Two Cornell students were chosen to participate in the West Point National Conference on Ethics in America last month based on essays they submitted and a recommendation from Cornell’s Program on Ethics & Public Life.
Simone Smith ’20, a government major, and Jacqueline Hutchinson ‘18, a development sociology major, traveled to West Point for the conference, “Moral Courage: Finding the Strength to Act.” The conference allows students from West Point to meet with ROTC and non-ROTC students from across the country for conversation, lectures and small group discussions.
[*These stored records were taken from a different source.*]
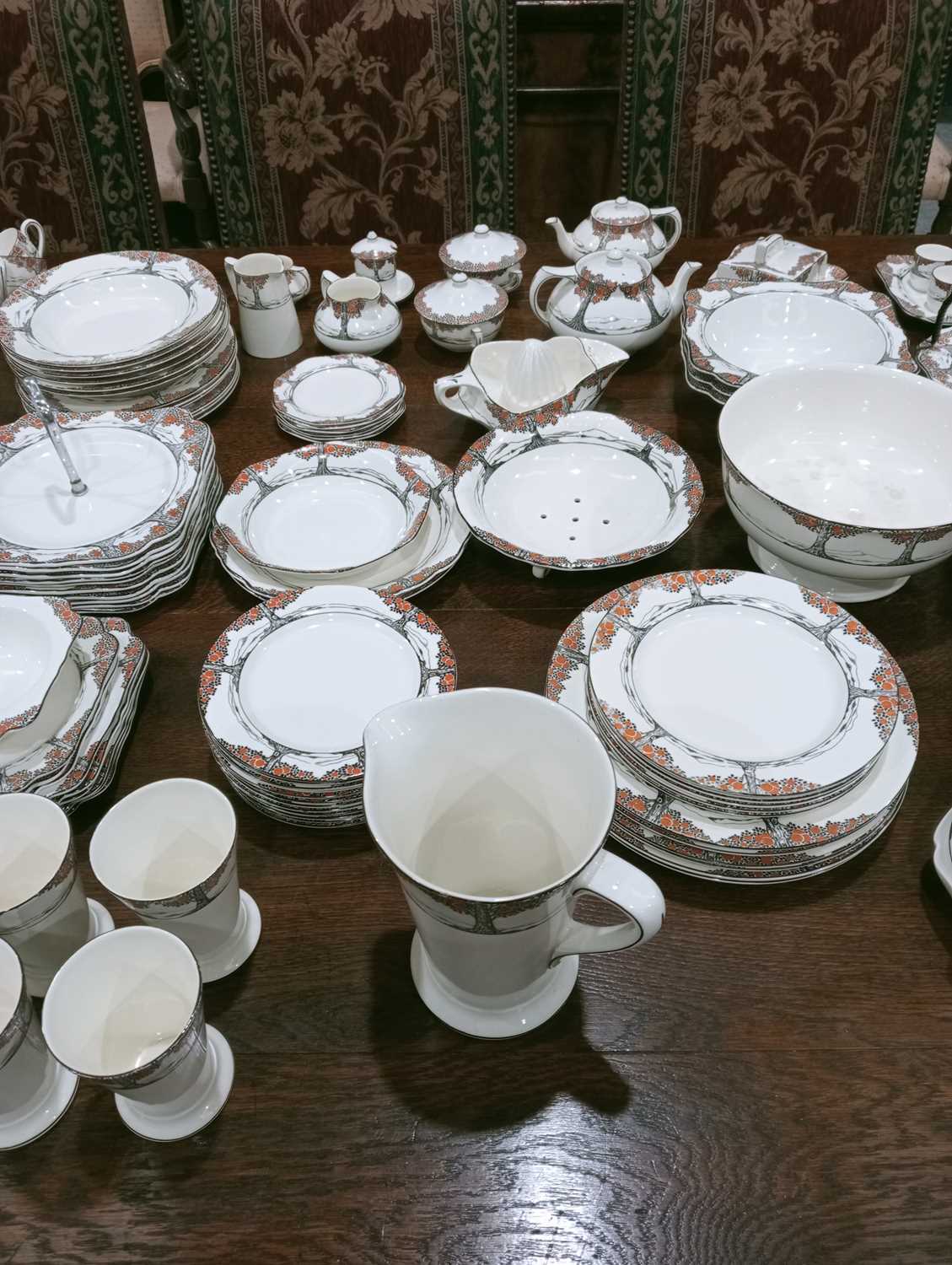 AN EXTENSIVE COLLECTION OF CROWN DUCAL ORANGE TREE PATTERN CHINA - Bild 17 aus 27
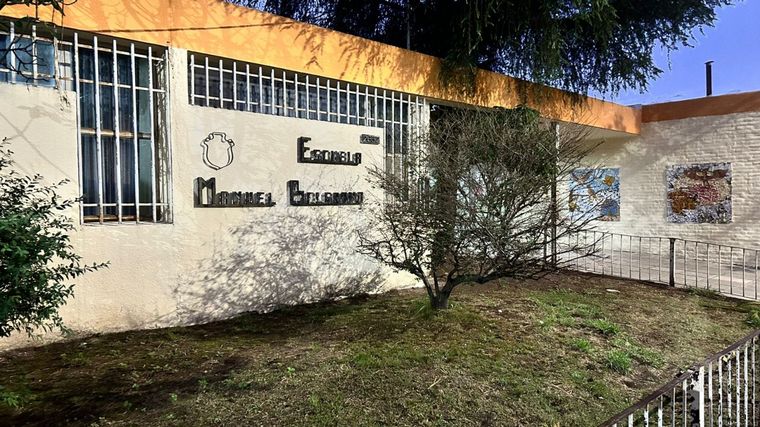 Robaron en una escuela de barrio Parque Vélez Sarsfield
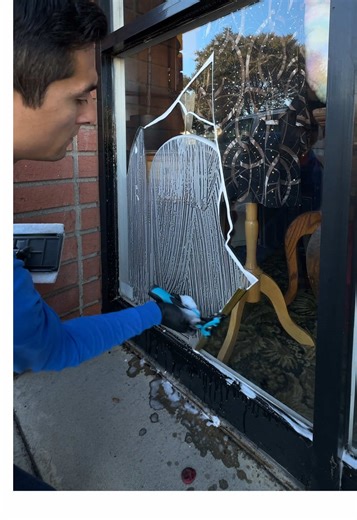 Achieve Sparkling Clean Windows with These Tips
This year’s event allowed students to “discuss techniques that will allow them to rise to the occasion when moral courage is required to implement action,” according to the conference description.
“This was a truly rich, powerful conference that provided me with the chance to engage in meaningful discussions and gave me tools to take back to my campus,” Smith said. “The list of speakers ranged from a former white supremacist to the superintendents of West Point and the Air Force Academy to a 17-year-old girl changing cyberbullying with an app.”
Hutchinson said the opportunity to talk about these issues with students in the military was eye-opening.
“I was humbled and inspired by the different perspectives and stories that each student shared, and I was constantly being surprised by the fact that I related to so many of these students, especially the cadets,” she said. “This conference was a really pivotal part of my college career, and also set me up with skills that I know I will use in my future of human rights law.”